Mia, of course, immediately takes the executive order to her father (the monarch) and his mother (the dowager princess), under the assumption that, although the whole thing is bound to come as a bit of a shock, they’ll inform the Genovian parliament and set about organising an election right away. Better late than never, after all. So she’s rather surprised when her father reassures her grandmother, who has been making some rather derogatory comments about such a thing as democracy, that nothing is going to change.

“Well,” I said. “Actually, a lot is going to change –”

“No,” Dad interrupted briskly. “No, Mia, actually, it’s not. I appreciate your bringing this document to my attention, but it doesn’t mean what you seem to think it means. It doesn’t have any validity.”

That’s when my jaw dropped. “WHAT? Of course it does! Amelie completely followed all the rules laid out in the Genovian royal charter – used the seal and got the signature of two unrelated witnesses and everything! If I’ve learned anything since my princess lessons started, I’ve learned that. It’s valid.”

“But she didn’t have parliamentary approval,” Dad began.

“BECAUSE EVERYONE IN PARLIAMENT WAS DEAD!” I couldn’t believe this. “Or at home, nursing their dying relatives. And, Dad, you know as well as I do that in a national crisis – like, for instance, a PLAGUE, the ruler’s impending death, and her knowledge that her throne is going to a known despot – a crowned Genovian prince or princess can sign into law anything he or she wants to, by order of divine right.”

Seriously. Does he really think I’ve learned NOTHING but how to use a fish fork in three years of princess lessons?

“Right,” Dad said. “But this particular national crisis was four hundred years ago, Mia.”

“That doesn’t make this bill any less valid,” I insisted.

“No,” Dad admitted. “But it does mean there’s no reason we have to share it with parliament at this time. Or any time, really.”

“WHAT?”

I felt like Princess Leia Organa when she finally revealed the hidden location of the rebel base (even though she was lying) to Grand Moff Tarkin in Star Wars: A New Hope, and he went ahead and ordered the destruction of her home planet of Alderaan anyway.

“Of course we have to share it,” I yelled. “Dad, Genovia has been living a lie for almost four hundred years!”

Can I just reassure you all that I don’t think I’m the equivalent of Mia here?

I’ve spent three blog posts now arguing that we’re doing church government wrong,2 and one of the obvious questions that it’s pretty reasonable to shoot back at me is, so, do you think the Church has been living a lie for almost two thousand years? Do you think you have got hold of some extra-special revealed truth that no previous generation of saints in Christ – all those souls much, much wiser and godlier than you will probably ever be – had any idea existed? How can you look at all those centuries of church leadership indisputably having been a thing, and claim that you know better? Are you really so arrogant?

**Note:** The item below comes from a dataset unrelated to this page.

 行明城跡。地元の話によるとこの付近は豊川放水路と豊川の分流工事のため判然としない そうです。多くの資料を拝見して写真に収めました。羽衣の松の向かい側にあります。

Well, I am blooming arrogant (it’s one of those sins that clings to my soul like a particularly vile and detestable limpet), but I’m most definitely not claiming to have got hold of some extra-special revealed truth that no previous generation of saints had any idea existed. The reason nobody had realised Genovia was supposed to be a democracy was because the one piece of evidence that proved as much had been hidden beneath the backboard of a painting ever since it was put on paper; our scriptural canon, on the other hand, is set, and if anybody shows up with some other bit of prose he thinks should be added to it, you can call him a heretic straight off. If Mia had made a case that Genovia ought to be a democracy based on some known body of legislation that her countrymen were already acknowledging as valid, then there’d be a plausible parallel there for my arguments about those pesky Nicolaitans. As it is, there’s not.
 
Hurray, democracy!
But the question remains: if I haven’t got hold of some extra-special revealed truth, if I’m working from the exact same old body of revealed truth as my brothers and sisters in the Lord throughout the Church age, then how on earth do I account for the fact that they haven’t generally been running their churches anything like how I claim that body of revealed truth says churches ought to be run?

Well, here’s the very sad but not very surprising news: the visible Church gets things horribly, horribly wrong all the time. Just look at mediaeval Roman Catholicism for a shudder-worthy case study.3 Pretty much the whole of Europe was being run by people who professed to be following Jesus, but the picture of what following Jesus entails that they were perpetuating was absolute bunkum – and God, in his unfathomable and frequently highly counterintuitive wisdom, let it happen.

This sort of thing bothers me intensely. It’s the aspect of God’s will I’m tempted to question and even rail against most often (with the one exception of the fact that he appoints some and not others for eternal salvation): why does he allow his beloved Church to be infiltrated and, in some cases, overrun by people who are not interpreting the scriptures rightly? Why does he allow such profound divergence of exegetical opinion, on really important issues, to exist within the body of Christ? It’s not a straightforward case of obviously sound versus obviously unsound, either: I see all these wise and godly souls throughout the Church age who sought God earnestly and prayed that they might handle the scriptures correctly, who then nevertheless drew vastly different doctrinal conclusions. Why does God allow that? And in the face of it, moreover, how am I, fool that I am, supposed to figure out who’s got it right?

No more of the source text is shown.